EXERCISE:
Exact copy, no pictures: reproduce the lines from the one that holds "Enzorb Digestive Enzymes" through the end of the entries.

Stored data:
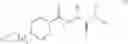 Fig. 02 - Derivatives of alkylpiperazine- and alkylhomopiperazine-carboxylates, preparation method thereof and use of same as fatty acid amido hydrolase enzyme inhibitors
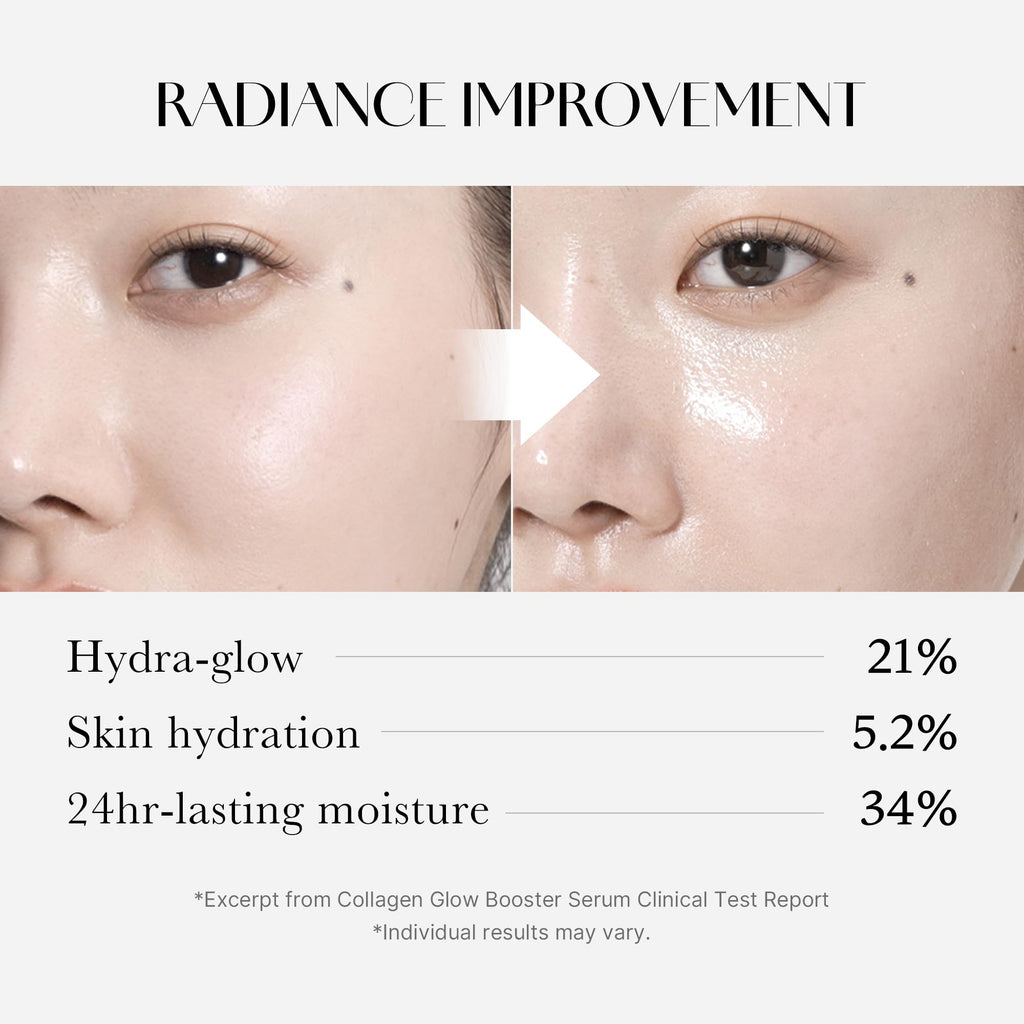 Medicube Collagen Glow Booster Milk Serum - Twist & Click - Radiance & Hydration with Niacinamide, Milk Protein Extract, Hydrolyzed Collagen - FENGGESTORE20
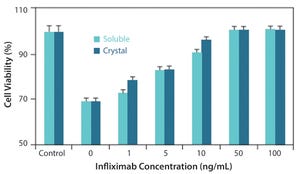 Biological Characterization Using Protein Crystal Measurements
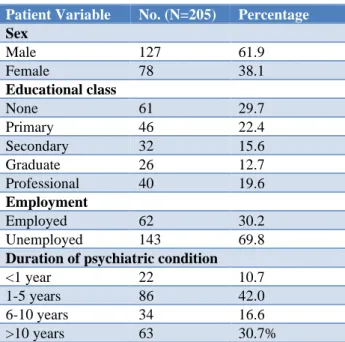Table 1: Socio-demographic and clinical profile of  patients.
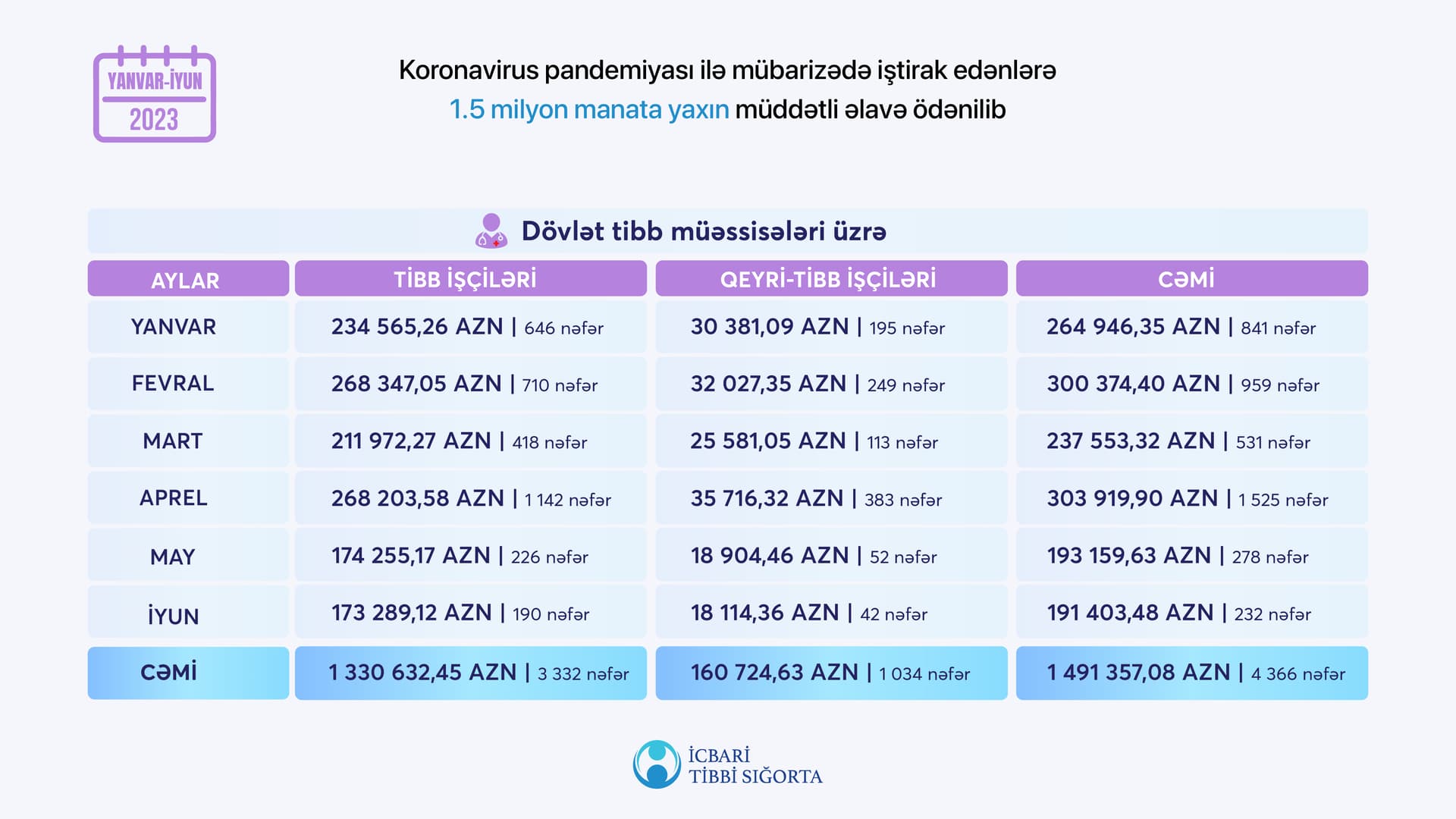 Koronavirus pandemiyası ilə mübarizədə iştirak edənlərə 1.5 milyon manata yaxın müddətli əlavə ödənilib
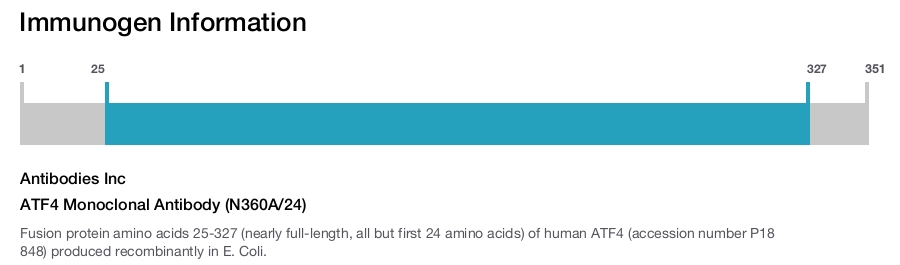 ATF4 Monoclonal Antibody (N360A/24)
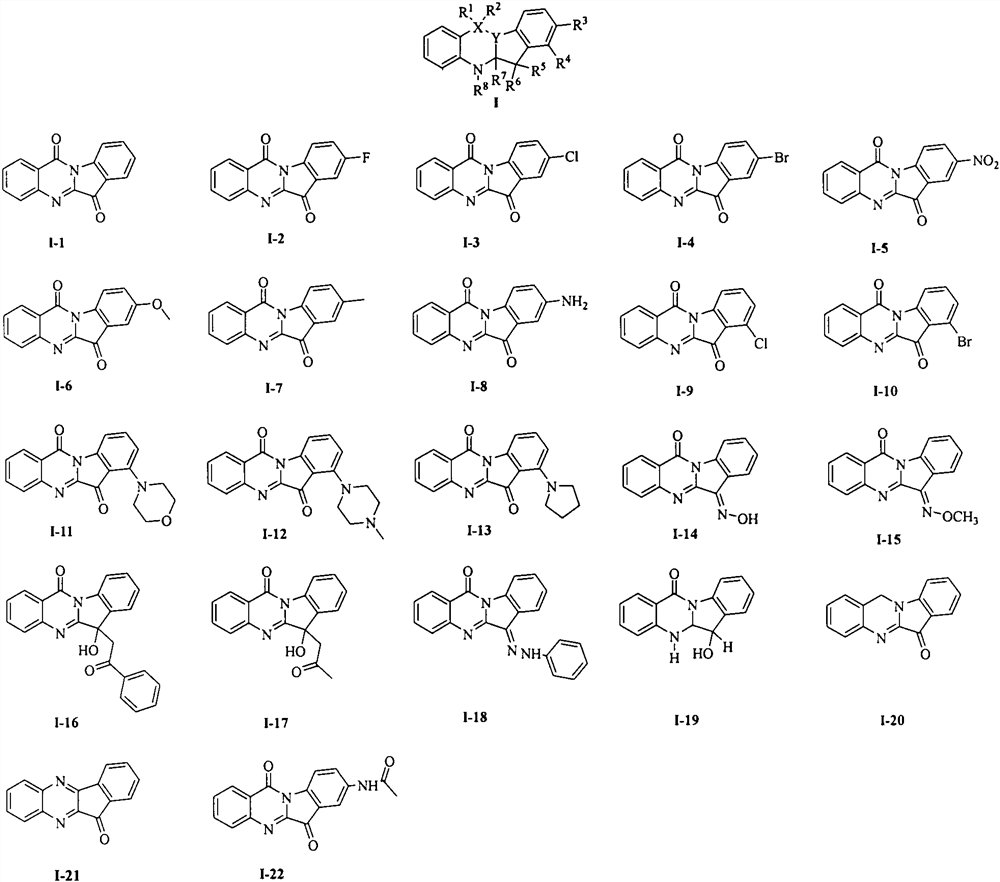 Application of tryptanthrin derivatives in treatment of plant viruses and germs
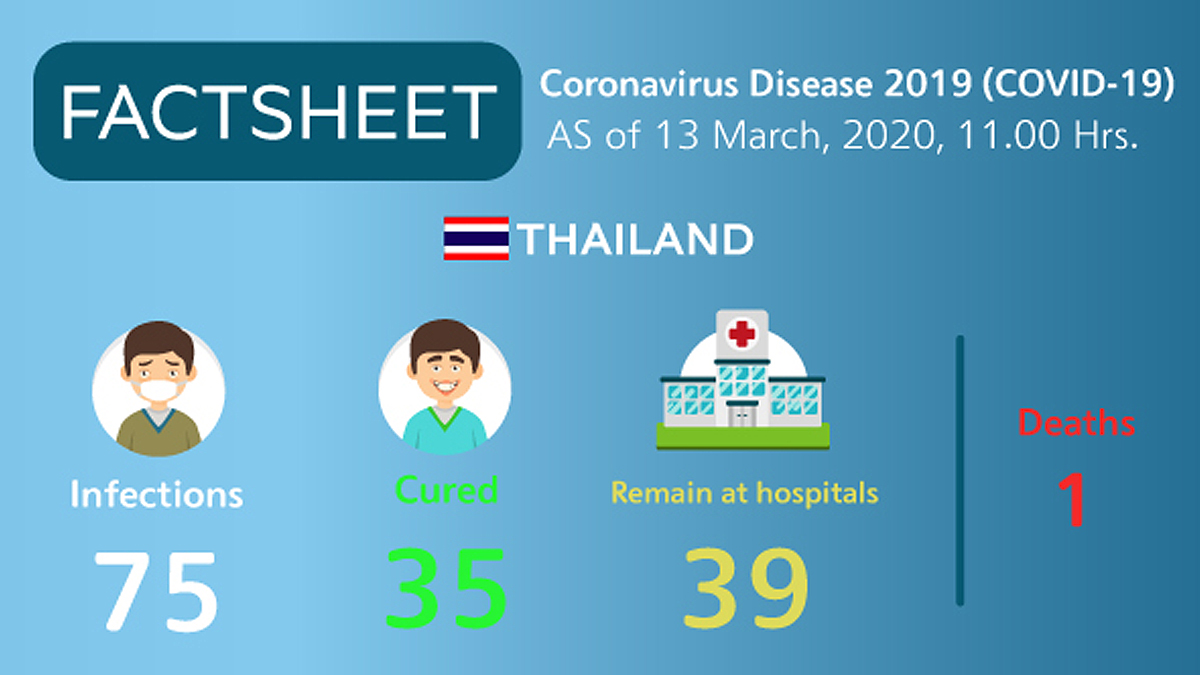 Coronavirus Disease 2019 (COVID-19) situation in Thailand as of 13 March 2020, 11.00 Hrs.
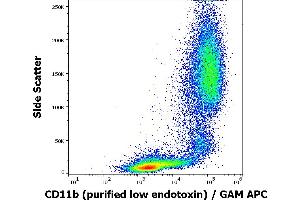 Flow cytometry surface staining pattern of human peripheral blood stained using anti-human CD11b (ICRF44) purified antibody (low endotoxin, concentration in sample 6 μg/mL) GAM APC. (CD11b anticorps)
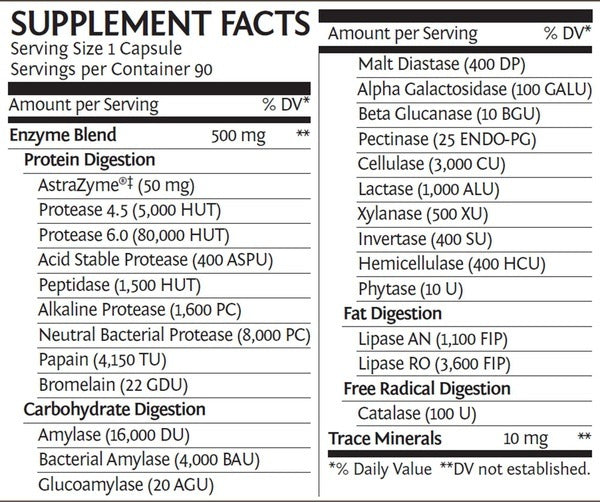 Enzorb Digestive Enzymes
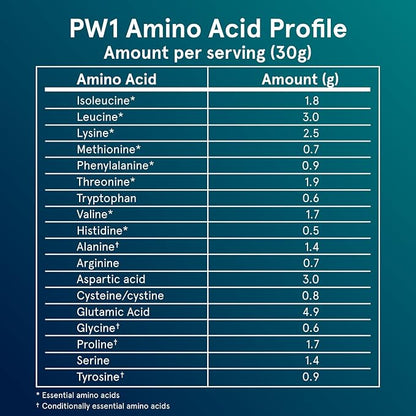 Puori Whey Protein Powder - Dark Chocolate - PW1 Pasture Raised, Grass-Fed & Non-GMO - 100% Natural and Pure for Muscle Growth - 21g Protein 1.98lbs - Gluten-Free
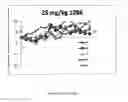 Fig. 11 - Neutralizing molecules to influenza viruses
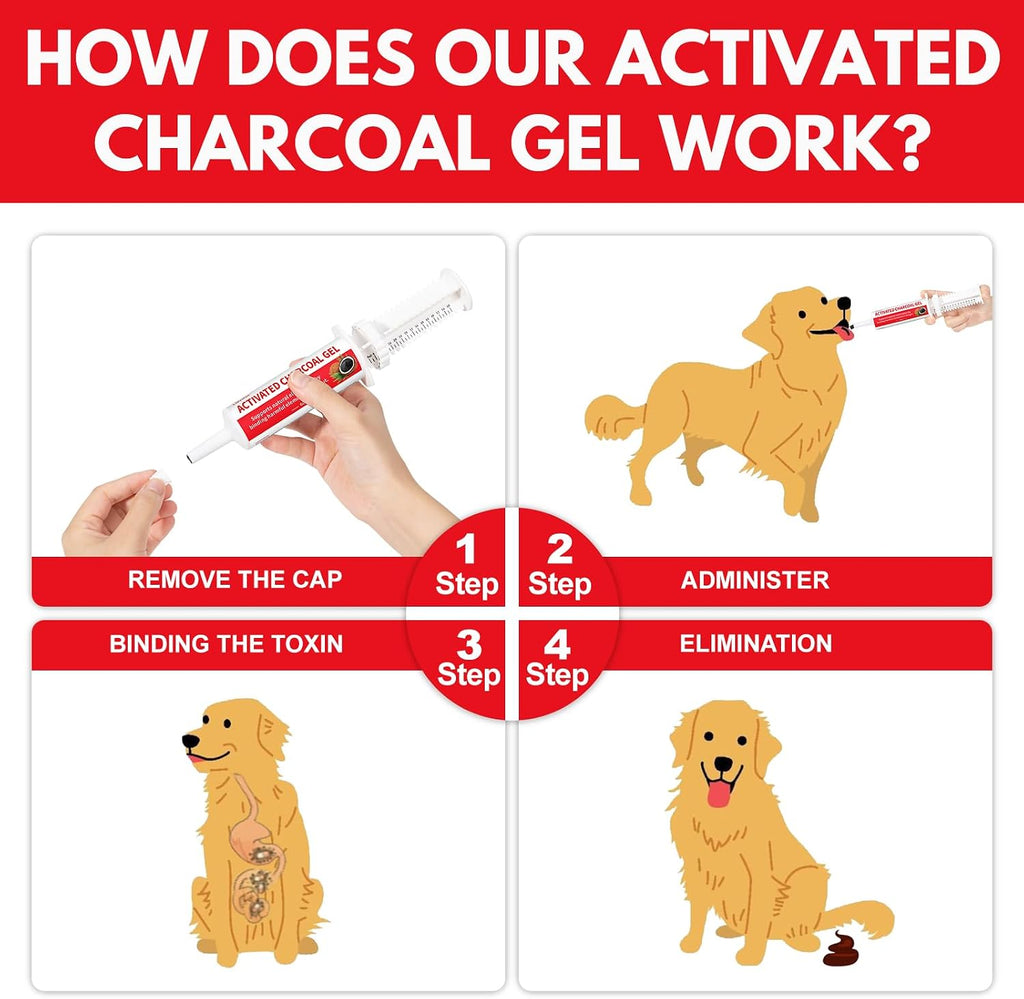 Activated Charcoal for Dogs & Cats - First Aid Kit for Poisoning & Diarrhea Remedy - Dog Charcoal Emergency, Ready to Absorb Toxins - 60 cc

OUTPUT OF THE TASK:
 Enzorb Digestive Enzymes
 Puori Whey Protein Powder - Dark Chocolate - PW1 Pasture Raised, Grass-Fed & Non-GMO - 100% Natural and Pure for Muscle Growth - 21g Protein 1.98lbs - Gluten-Free
 Fig. 11 - Neutralizing molecules to influenza viruses
 Activated Charcoal for Dogs & Cats - First Aid Kit for Poisoning & Diarrhea Remedy - Dog Charcoal Emergency, Ready to Absorb Toxins - 60 cc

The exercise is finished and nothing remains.